AFTER THE TRIAL: So, the trial has ended, the weary courtroom workers -- bailiffs, court reporter, judge, prosecutors, etc. -- will move on to the next case. It will, no doubt, bring less attention than the Mercy Case has attracted.
It is, after all, a dramatic case in the Dallas history of animal cruelty prosecutions.
From now on, perhaps, investigating authorities will dot the "i's" and cross the "t's" of all animal cases -- they are felonies. Serious crimes with serious punishment that is to be taken seriously.
Four years may shrink to two years for Mr. Brown -- even so, it is still two years of wearing a number and not a name in the hellish Texas prison system where you need permission to see the sun, to look for a rainbow, to talk, to do anything that is related to freedom.
And, yet, when you consider what was done to this poor dog Mercy, you wonder, "Is four years really enough?"
WHAT CAME FROM THE CRIME: Goodness, this was an awful crime. The dog loved the man, his family testified. Yet, the man burned the dog in a fit of anger after she refused to be bred.
And once she was in the custody of a rescue group, Operation Kindness, people rallied to a dog they'd never known, a dog dreadfully injured by someone who DID know her.
How does this happen? That answer isn't in a courtroom. It is in the soul of a man.
In his closing argument, after urging the jury to not mistake revenge for justice, Mr.

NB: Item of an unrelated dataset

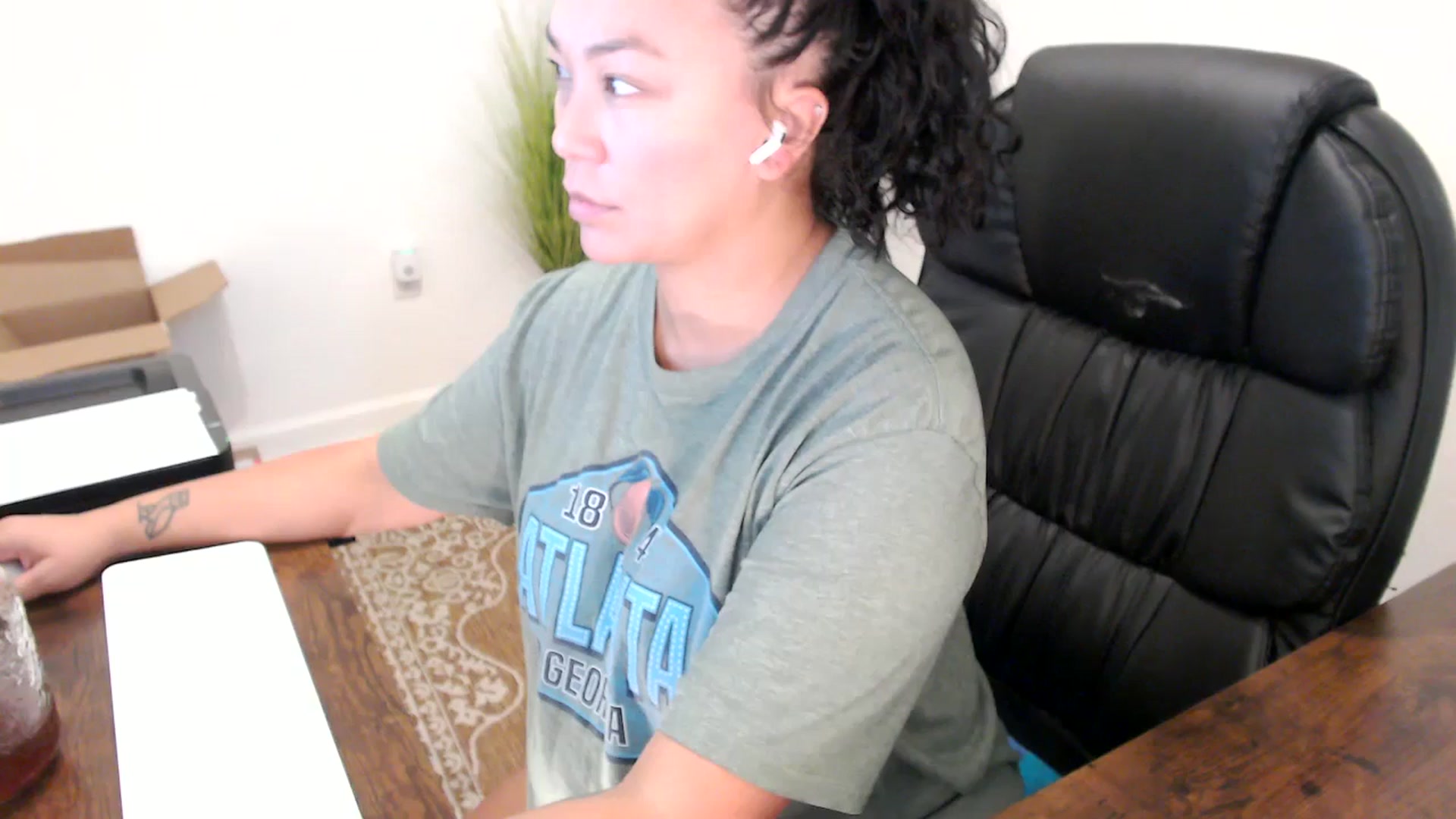 Gallery image thumbnail from MickaylaStar's myfreecams stream on, 10/07/2025, 16:25 image 4 of 20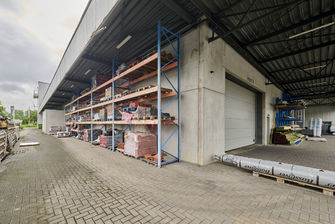 Industrieel gebouw te koop in Genk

Wyde suggested "No one is going to remember this verdict in a month or two."
That is, perhaps, a grave underestimation of the vigorous, determined staying power of the hearts of animal people.
Operation Kindness, the no-kill shelter in Carrollton that had custody of the horribly burned dog during her treatment, has made Mercy a symbol of the fight against animal cruelty. After her plight became known, the facility received letters and donations from around the world. And when she died, hundreds came to her memorial service, musicians wrote songs about the dog, people wrote poems, and genuine tears were wept.
Operation Kindness Executive Director Jonnie England, exhausted from attending every day of the week-long trial, said Friday evening that there will be a memorial service honoring Mercy in the next few weeks. Details will be announced at www.operationkindness.org.
So, that's where it stands tonight. Reporters are filing and re-filing their stories. The prosecutors are probably analyzing what they did in the case. The defense may be doing the same. The jurors are either confident or wondering if they did the right thing. A mother of a freshly convicted felon is probably crying herself to sleep.
And Mercy the Dog lives on -- but only as a symbol. And that is the downright pity of this case.